L’expression malheureuse de Tessa se fit misérable.

« Oui.

— Elle t’a dit d’aller là-bas ?

— Elle ne me dit jamais rien. Elle voulait juste y aller. Alors j’y suis allée.

— Eh bien, qu’est-ce qu’elle cherchait ?

— Je ne sais pas. Je pense qu’elle voulait juste vérifier si elle voyait son reflet ou pas.

— Son reflet ? Son reflet où ?

— Dans l’Œil, dit Tess.

— Dans un miroir à l’Œil ? Ce n’est pas un télescope de ce genre-là. Il n’y a pas de véritable miroir.

— Pas dans un miroir… dans l’Œil. »

Marguerite ne savait ni quelle conduite adopter ni comment poser la question suivante. Elle avait peur des réponses de Tessa, car ces réponses semblaient folles. La folie : le mot interdit. La pensée indicible. Marguerite détesta cette discussion à propos de la Fille-Miroir, parce que toute cette histoire semblait démente et qu’elle ne se sentait pas capable de le supporter. Elle pouvait supporter à peu près n’importe quoi d’autre : blessure, maladie… Elle pouvait imaginer Tess avec un appareil orthopédique ou le bras en écharpe, elle savait consoler sa fille quand celle-ci se faisait mal, tout cela restait largement à la portée de ses capacités maternelles. Mais je vous en prie, songea-t-elle, pas la folie, pas le genre d’aliénation réfractaire qui exclut tout réconfort et toute communication. Durant ses études, Marguerite avait travaillé de nuit dans un hôpital psychiatrique. Elle avait vu des schizophrènes incurables. Des fous qui vivaient dans leur propre réalité virtuelle cauchemardesque, plus isolés que dans n’importe quelle cellule d’isolement. Elle refusait d’imaginer Tess comme cela.

Elle immobilisa la voiture sur le parking du collège mais demanda à Tess de rester encore un peu avec elle.

Mort et folie : pouvait-elle vraiment protéger sa fille de l’une ou l’autre ?

Je ne peux même pas la protéger de Ray.

Ray avait menacé de garder Tess avec lui, d’en assurer la garde physique… en fait, de la kidnapper. Mais elle est avec moi, maintenant, pensa Marguerite. Et si j’avais le choix, je l’emmènerais loin d’ici, je la conduirais par la route jusqu’à Constance et ensuite loin, loin, n’importe où loin de la quarantaine et des rumeurs pénibles rapportées par Chris, loin de l’Œil et de la Fille-Miroir.

Mais c’était impossible.

Il fallait qu’elle renvoie Tess au collège, d’où elle rentrerait retrouver Ray et une illusion de normalité de plus en plus fragile. Si je gardais Tess, pensa Marguerite, ce serait moi qui enfreindrais notre accord, et Ray enverrait ses types de la Sécurité la récupérer.

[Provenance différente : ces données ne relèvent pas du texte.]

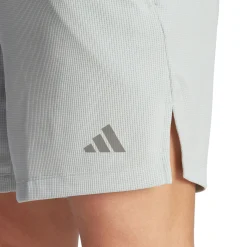Store High Intensity Better Shorts Men - Shorts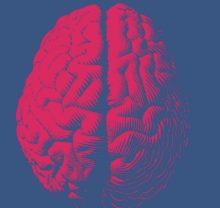 How To Memorize Something Complex? There’s A System For That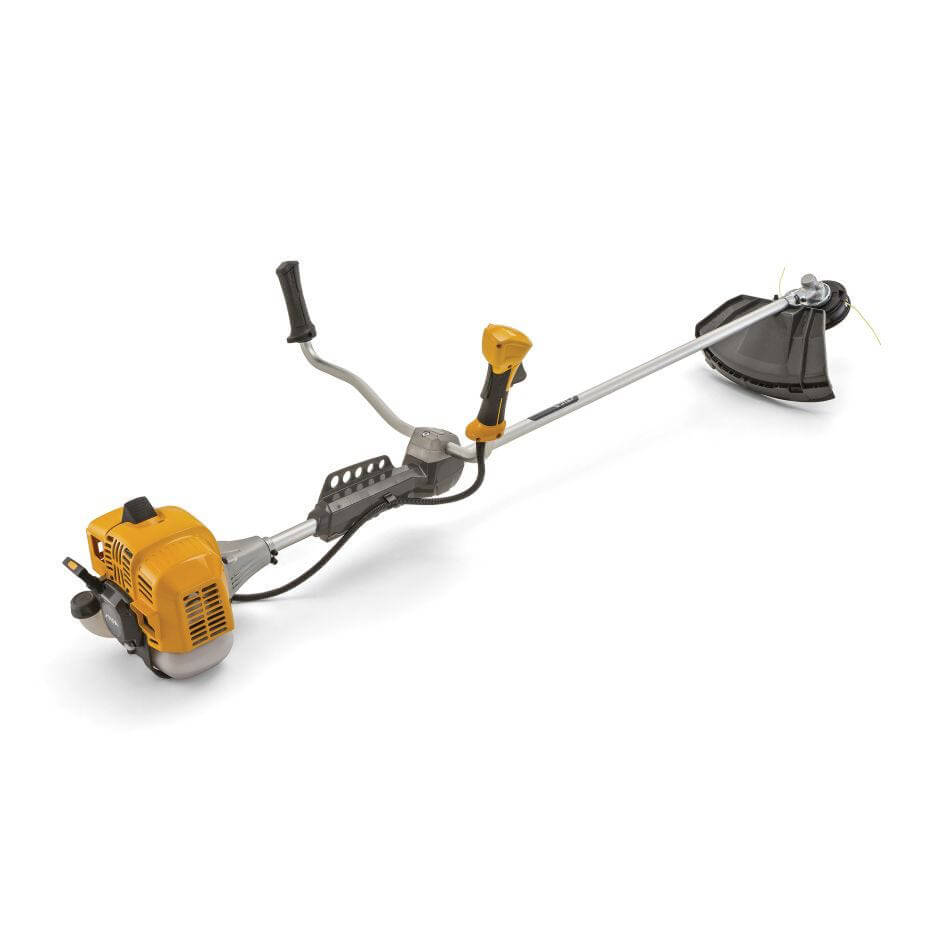 ���� ���������� STIGA BC535B 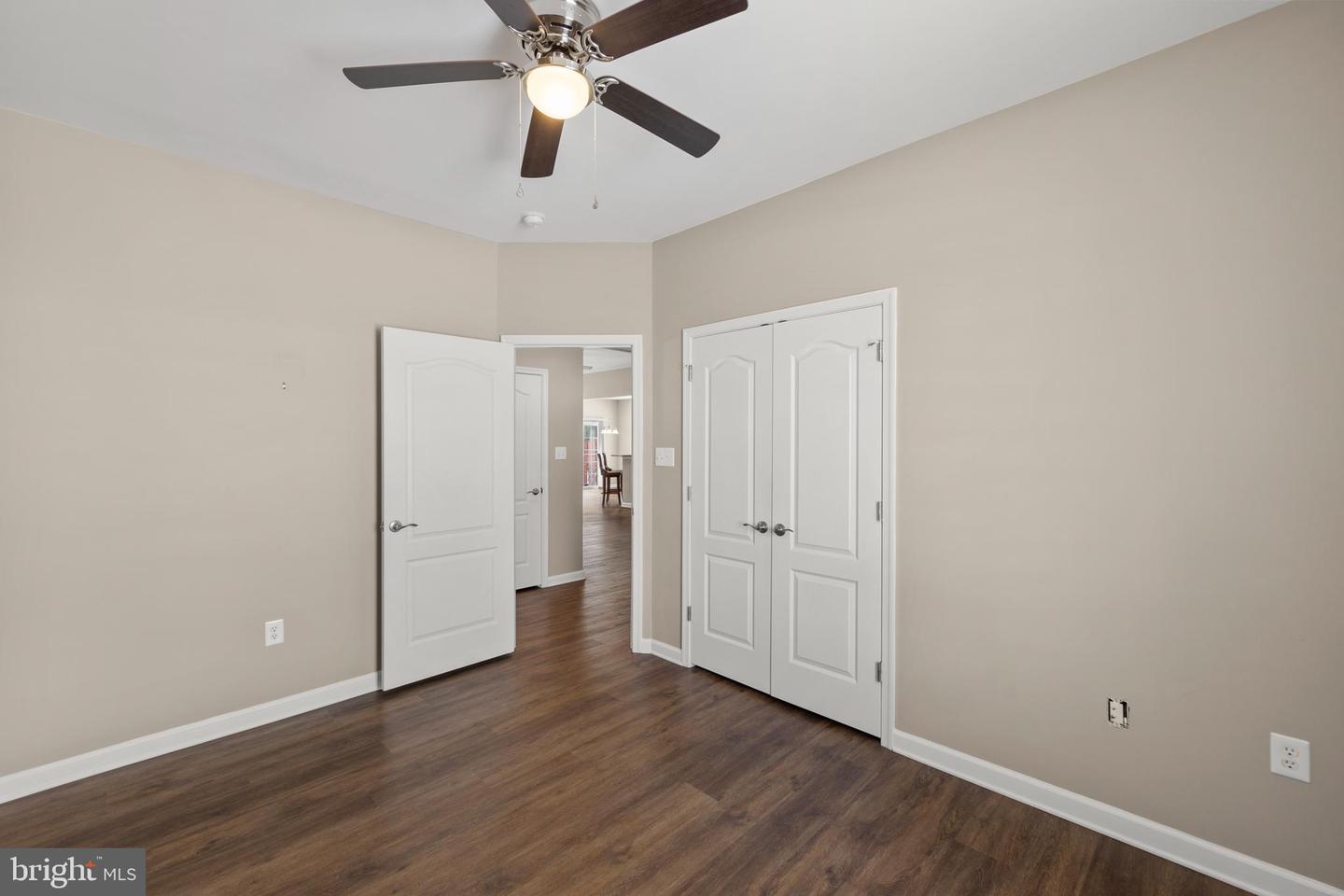 107 SHUMARD CT, STEPHENS CITY, Virginia 22655, 2 Bedrooms Bedrooms, ,2 BathroomsBathrooms,Residential,For sale,107 SHUMARD CT,VAFV2038508 MLS # VAFV2038508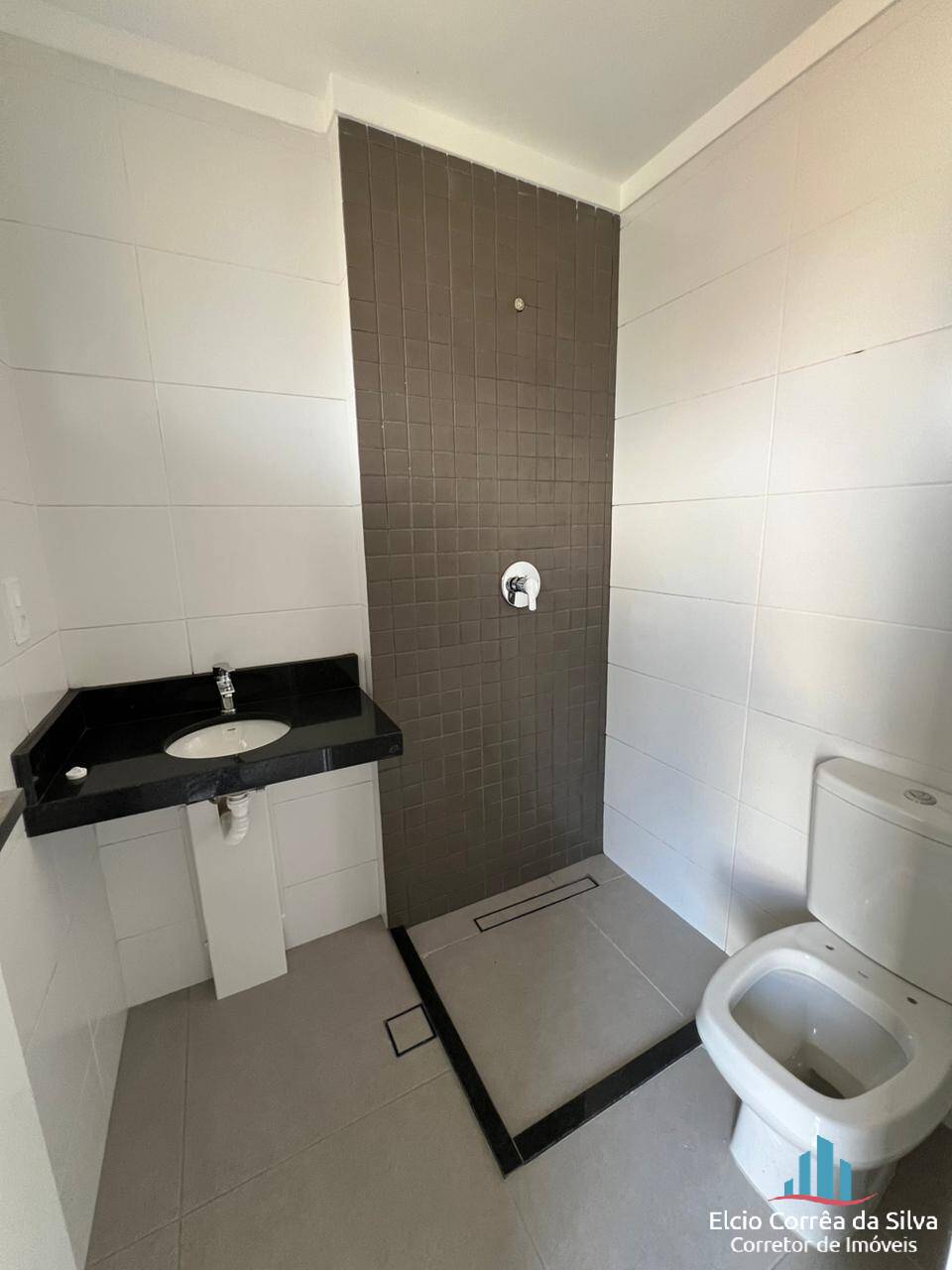 Apartamento à venda com 3 quartos, 120m² - Foto 44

Mais si je la laisse aller le retrouver, et s’il se passe quelque chose…

« Je peux sortir, maintenant ? » demanda Tess.

Marguerite prit une profonde respiration pour se calmer. « Pourquoi pas. Oui, retourne au collège. Mais plus d’expéditions pendant les cours, d’accord ?

— D’accord.

— Tu promets ?

— Promis. » Elle posa la main sur la poignée.

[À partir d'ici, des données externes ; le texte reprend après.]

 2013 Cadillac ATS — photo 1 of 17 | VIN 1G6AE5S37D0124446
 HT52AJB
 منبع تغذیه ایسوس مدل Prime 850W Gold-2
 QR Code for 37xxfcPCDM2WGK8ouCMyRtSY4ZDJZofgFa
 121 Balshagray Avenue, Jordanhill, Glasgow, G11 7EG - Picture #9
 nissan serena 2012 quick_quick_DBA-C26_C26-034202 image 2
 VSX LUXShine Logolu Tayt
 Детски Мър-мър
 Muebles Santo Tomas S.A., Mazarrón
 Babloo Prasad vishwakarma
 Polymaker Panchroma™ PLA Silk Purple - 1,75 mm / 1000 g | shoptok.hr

« Une dernière chose, dit Marguerite. Écoute-moi. Écoute. C’est important, Tess. S’il arrive quoi que ce soit d’étrange chez papa, tu m’appelles. Peu importe l’heure du jour ou de la nuit. Ne te pose même pas la question. Appelle-moi. Parce que je me soucie de toi même quand tu n’es pas avec moi.

— Est-ce que Chris aussi se soucie de moi ? »

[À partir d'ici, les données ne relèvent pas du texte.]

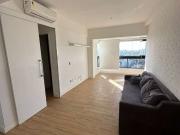 Apartamento para Venda em Salvador/BA Rio Vermelho 1 Quartos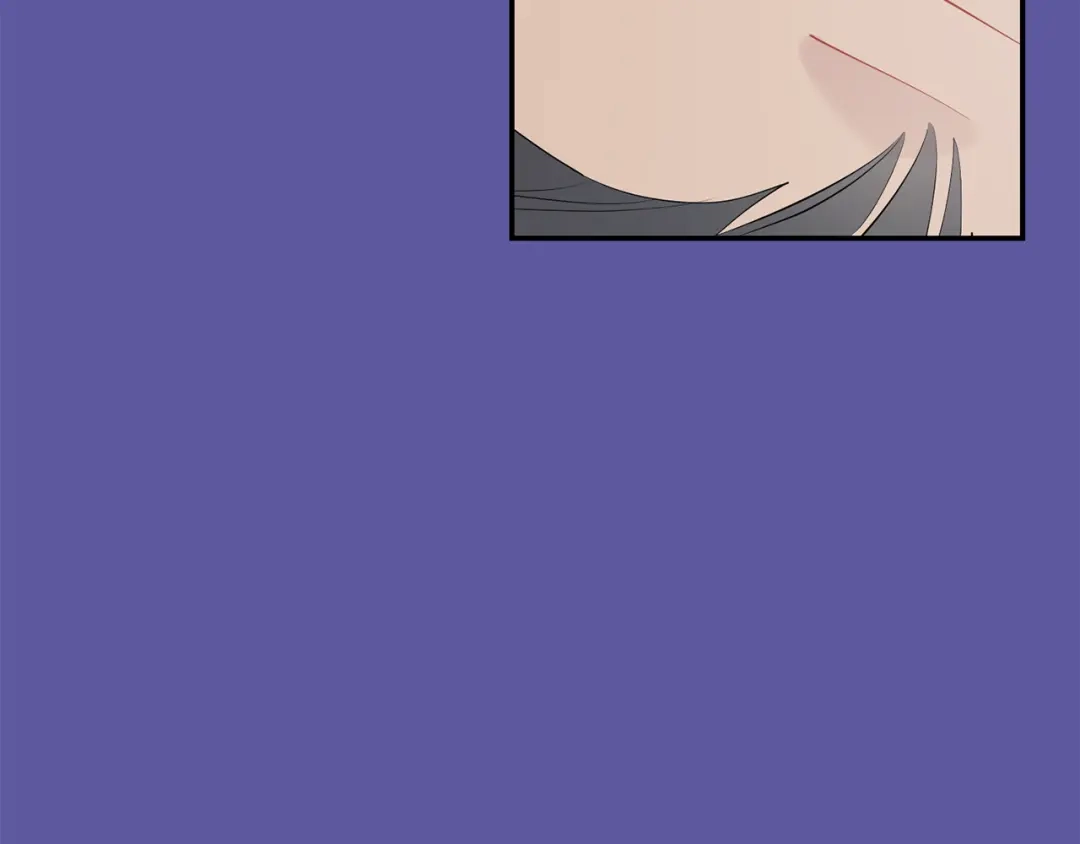 月光嚎叫 第56话 保护你 第84页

Surprise, Marguerite répondit : « Oui, bien sûr, Chris aussi.

— D’accord. »

Tess ouvrit la porte et sortit. Marguerite suivit des yeux sa fille qui traversait le parking désert, traînant les pieds dans les tourbillons de vieille neige, sa parka toujours boutonnée de travers et son bonnet serré dans ses petites mains gantées.

Je la reverrai, se dit Marguerite. Je la reverrai. Il le faut.

Puis Tess disparut à l’intérieur de l’établissement et l’après-midi fut calme et vide.